3.6  The amount of Company Contributions credited to the Plan on behalf of a Participant in combination with the contributions made by the Company to the Savings Plan on behalf of the Participant as of each pay date during a Plan Year, shall, in the aggregate be equal to the lesser of (a) (i)   100% of the amount contributed to this Plan and the Savings Plan by the Participant, not in excess of 1% of a Participant's Compensation  as of that pay date, plus (ii) 70% of the amount in excess of 1%, but not in excess of 6%, of such Participant's Compensation, contributed to this Plan and the Savings Plan by such Participant as of such pay date, or (b) 4.5% of the Participant's Compensation paid as of that pay date.  If the aggregate contributions exceed the lesser limitation described in the preceding sentence, the Company Contributions credited to the Participant's Account under this Plan shall be reduced until the aggregate Company Contributions made under both the Savings Plan and this Plan do not exceed the limitation.

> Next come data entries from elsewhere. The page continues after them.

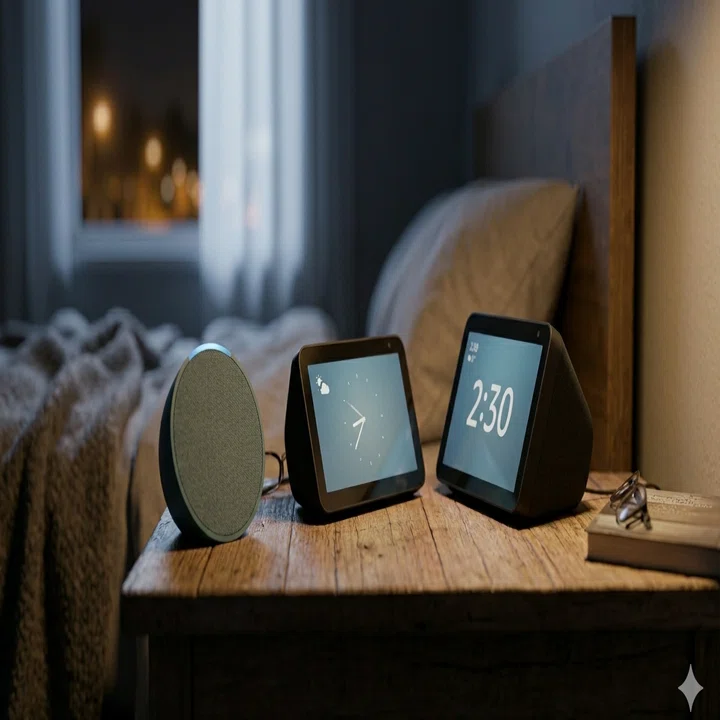 新生活SALE】寝室用スマートスピーカー、Echo PopかEcho Show 5か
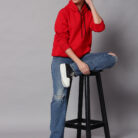 Sindoor Red Women's Hoodie 6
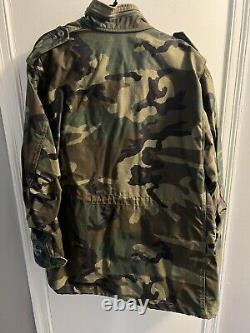 Alpha Industries Camo Cold Weather Military Field Jacket Mens Sz Med Regular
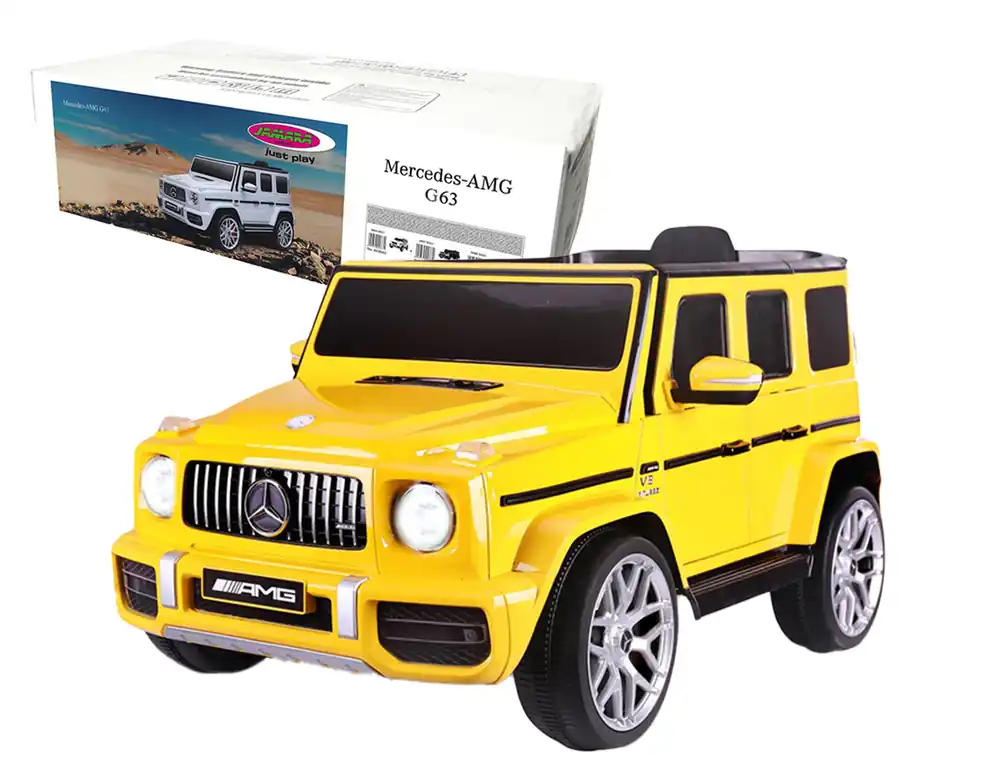 Hete Deal Jamara 460642 Elektrische Kinderauto Ride-on - Mercedes-AMG G 63 - Geel - 12 V Accu voertuig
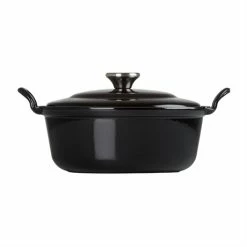 Le Creuset Cocotte Fonte Ronde Plume 24 Cm 2,4 L Noir
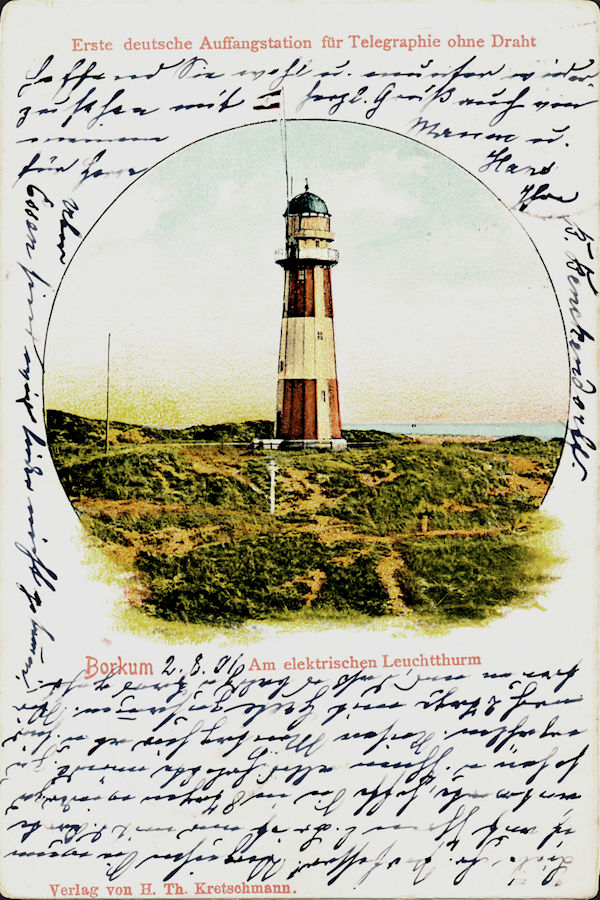 Elektrischer Leuchtturm Borkum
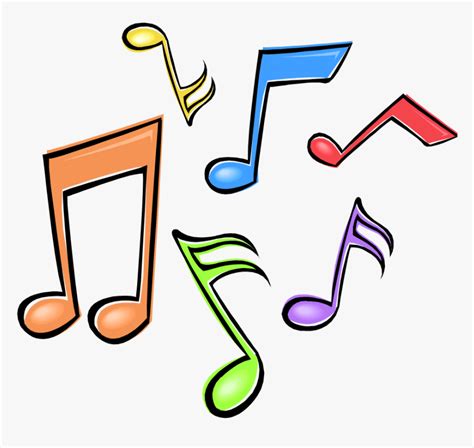 Music Clipart Clear Background - Colorful Music Note Clipart, HD Png Download , Transparent Png ...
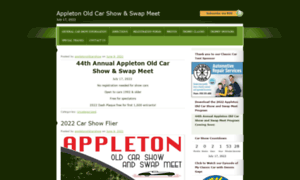 Appletonoldcarshow.com thumbnail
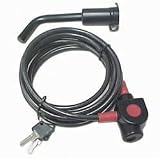 Hollywood Racks LPCS-1 Locking Hitch Pin and Security Cable (1.25-Inch Receiver))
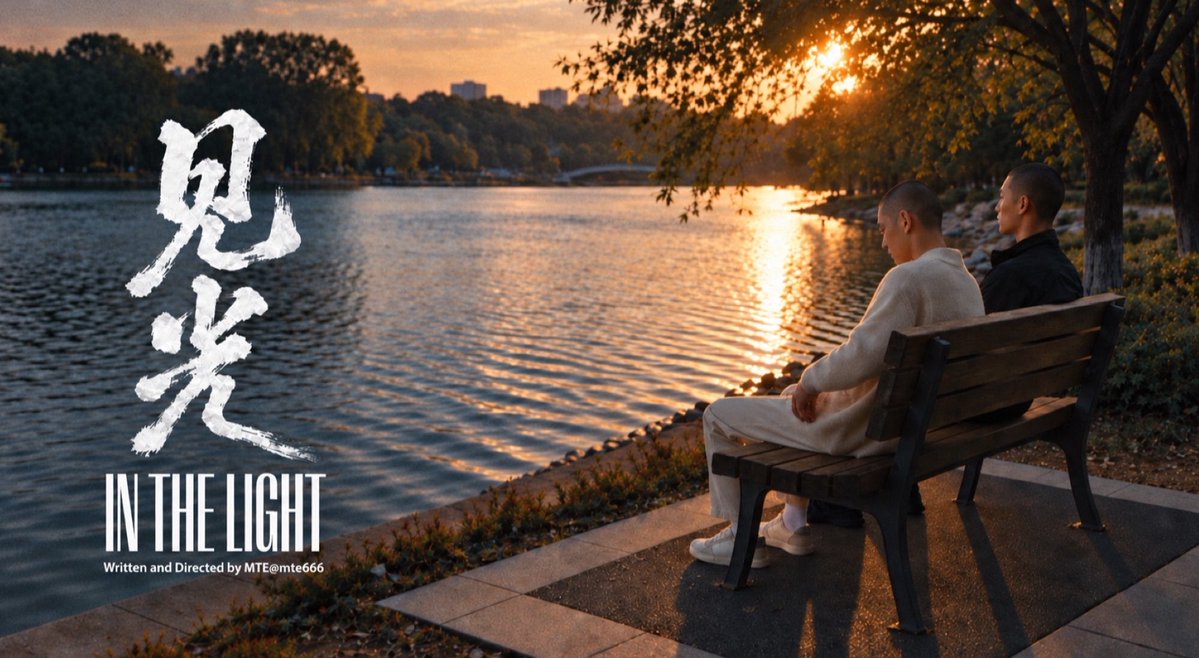 AI原创短剧系列：见光 In the Light 第七集 AI Original Series: In the Light Episode 7 第七集终于出来了。 还是那句话，多谢大家支持这种慢节奏的剧，如果你花几分钟看全看完整，不加速，那真就是真爱粉了。哈哈谢谢。 #ai #ai短剧 #见光InTheLight #gay #双男主 #shavedhead #同性
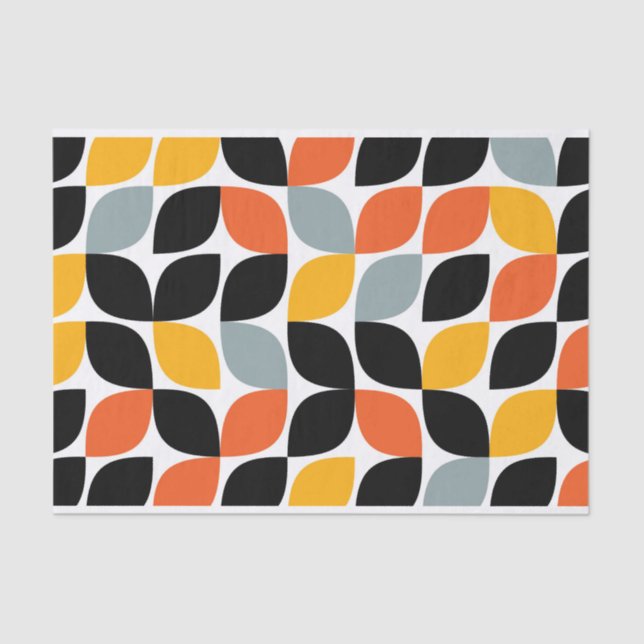 Colourful, unique, trendy, urban leaf concept tissue paper (Front)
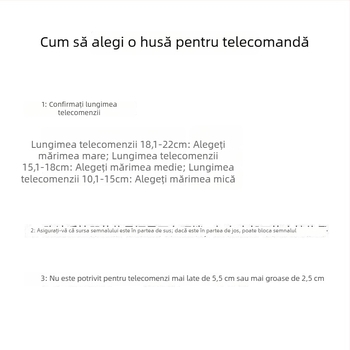 Husă din material textil pentru telecomandă pentru set-top box, televizor și aer condiționat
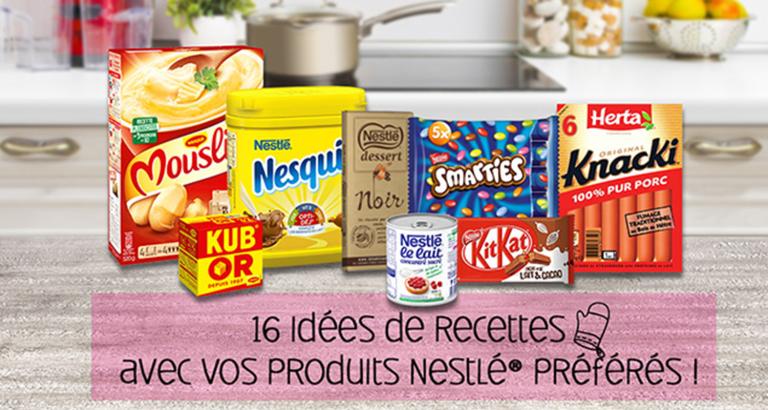 Recettes avec produits Nestlé®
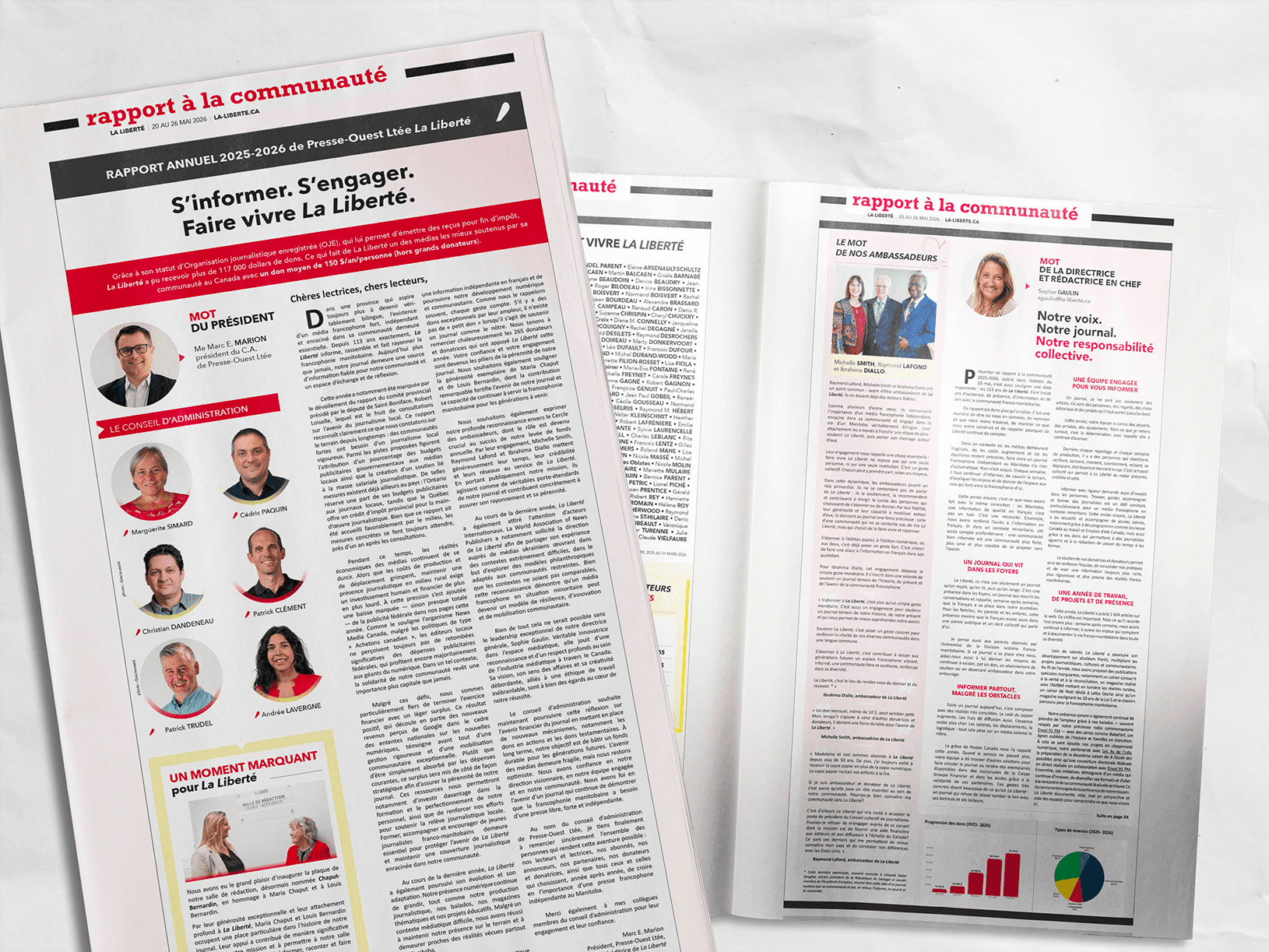 Rapport à la communauté 2025-2026.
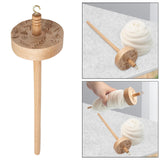 Maxbell Top Whorl Easy to Use 12.80inch Wheel Drop Spindle for Woven Crochet Felting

3.7  Participant Contributions and Company Contributions shall be credited to the Participant’s Account as follows:

(a)           Contributions related to Compensation that had been earned and vested prior to January 1, 2005 have been credited to the Participant’s Legacy SRSP Account Balance.  No additional Contributions shall be credited to a Legacy SRSP Account Balance.

(b)           Contributions related to Compensation that is earned or vested on or after January 1, 2005 shall be credited to the Participant’s Active SRSP Account Balance.  This shall include the Contributions under this Plan relating to incentive compensation attributable to 2004 that was subject to discretionary adjustment and first available for payment subsequent to December 31, 2004.

 
6

 
3.8           The Termination (or any subsequent re-employment) of a Participant after such Participant has submitted an election to defer any Compensation shall not affect the terms of such election with respect to the Compensation to which such election relates, subject, however, to the provisions for the distribution of any such deferred Compensation pursuant to the provisions of Article V.


ARTICLE IV

INVESTMENT OF CONTRIBUTIONS

4.1  Participant Contributions and Company Contributions (without regard to whether such Contributions have been allocated to such Participant’s Legacy SRSP Account Balance or Active SRSP Account Balance) shall be credited with earnings as if invested in the Funds selected by the Participant.  To the extent the Participant fails to select Funds for the investment of Contributions under the Plan, the Participant shall be deemed to have selected the Interest Bearing Account. The Participant may change the selected Funds by providing notification in accordance with the Plan’s procedures.  Any change in the Funds selected by the Participant shall be implemented in accordance with the Plan’s procedures.

4.2  A Participant may elect to transfer all or a portion of the amounts credited to his Account from any Fund or Funds to any other Fund or Funds by providing notification in accordance with the Plan’s procedures.  Such transfers between Funds may be made in any whole percentage or dollar amounts and shall be implemented in accordance with the Plan’s procedures.

4.3  The amount credited to each Participant's Account shall be determined daily based upon the fair market value of the Fund or Funds to which that Account is allocated.  The fair market value calculation for a Participant's Account shall be made after all Contributions, withdrawals, distributions, Investment Income and transfers for the day are recorded.  A Participant’s Account, as adjusted from time to time, shall continue to be credited with Investment Income until the balance of the Account is zero and the Committee anticipates no additional Contributions from such Participant.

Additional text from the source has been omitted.